河野は体も細く、何か他に得意なものもなかったから、周りの同級生が誰もやっていないゴルフなら、ちょっと練習したらすぐ1番になれるのではと考えた。
「そうすれば目立てるし(笑)、成績良ければ賞状もらえて、夏休み終わりの始業式に、全校生徒の前で校長先生から発表されたりするのも夢だったしね」と子供たちを笑わせた。

そして高校でゴルフ部に入学。
部員が先輩を入れて4人、県内でも15人程度のため、試合に出れば県で15位になれるという軽い気持ちでいたところ、たまたま優勝してしまった。
関東大会に出ることになったが、今度は140人中100位という散々な成績。
これでは通用しないなぁと発奮して、毎日練習するようになった。
しかしそれでも、高校最後の全国大会では、101位の成績だった。
その後、推薦で東洋大学に進学。大学時代は全国で9位になった。
練習の成果で腕は上がっていき、2003年にプロ転向したが、試合に出られない日が続いた。当時、同級生に宮里優作といういい目標があり、「同じようにやっていてはダメだ。厳しい環境で自分を鍛えよう」と一念発起して、アメリカのサンディエゴに渡った。4年間ミニツアーを渡り歩き腕を磨いた。
そして2010年にツアーメンバーとなり、2011年10月の『マイナビABCチャンピオンシップ』でツアー初優勝を決めた。
最終ホールの劇的なイーグルで裵相文に追いつき、プレーオフに持ち込んだ。
約2時間にわたる激闘の末、6ホール目にバーディを奪い、ついにトップに立った。

「僕はプロになりたいと思ってから現在まで14年間、練習をしなかったのは年に5日くらいで、360日は欠かさず球を打ち続けてきた。毎日続けていれば何か形になるということをみんなにわかってほしい。勉強でも、スポーツでも何でもいいんだよ。例えば大人にダメだと言われるゲームや漫画でも、それを突き詰めて作る人になればそれでいいんだよ。何かのプロフェッショナルになるということは、何かをやり続けることなんだよ。みんなはまだ小学生だから、将来どういう人になりたいとか何をしたいかを思い浮かべて、それを諦めないで思い続けること、やり続けることが大事だよ。夢は追い続ければ絶対かなうよ」と熱く語った。

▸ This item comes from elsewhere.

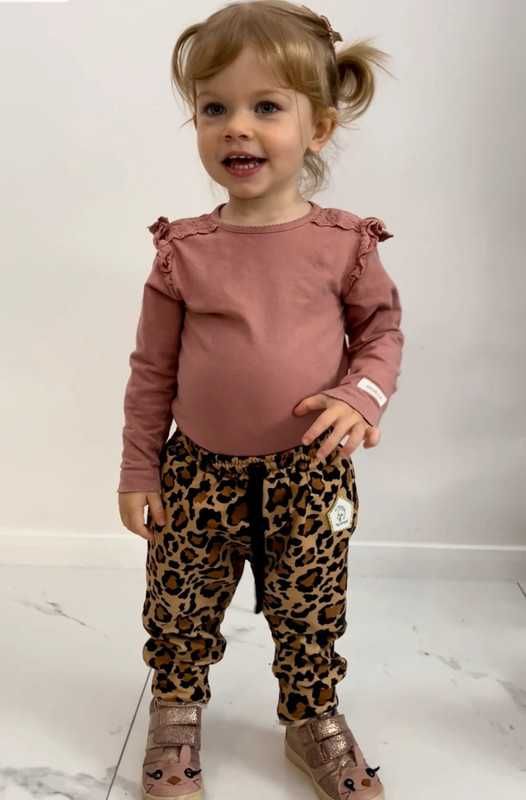 Komplet Hey Popinjay spodnie baggy 80/86 print animal na jesień Gepard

さらに、「僕も来月から試合が始まるけれど、来月に調子がよくなるように毎日何をしようかと考えている。僕は学校がないから、ずっと寝ようと思えば寝てられるし、漫画も読んでいられる。ゲームもずっとできる。でもそれではだめだよね。練習もやりすぎはよくない。自分で納得するだけやって、休む時は休む。みんな勉強もそうだよ。ずっと無理してがんばっても翌日力を発揮できなかったら報われないからね。気持ちをリフレッシュさせて生活にメリハリをつけることも大切なこと」と自分の経験からアドバイスした。

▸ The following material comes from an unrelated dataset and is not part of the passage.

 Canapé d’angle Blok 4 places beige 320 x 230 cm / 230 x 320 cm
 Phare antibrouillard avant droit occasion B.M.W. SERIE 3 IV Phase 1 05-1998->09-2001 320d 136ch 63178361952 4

最後に代表児童から河野へお礼の言葉と大きな花束が贈られた。そして八郷小学校の美しい校歌で締めくくりと思いきや、河野が試合で実際使用しているゴルフボールにサインを入れて、子供たちへまたまたプレゼントしたので、このサプライズにみんな大喜び。

帰り際、子供たちは校舎の窓から一斉に手を振り、「河野プロ〜また来てください」と見送ると、河野も動きかけた車から半身を乗り出し、「6月の全国大会で会おうね!」と笑顔で別れた。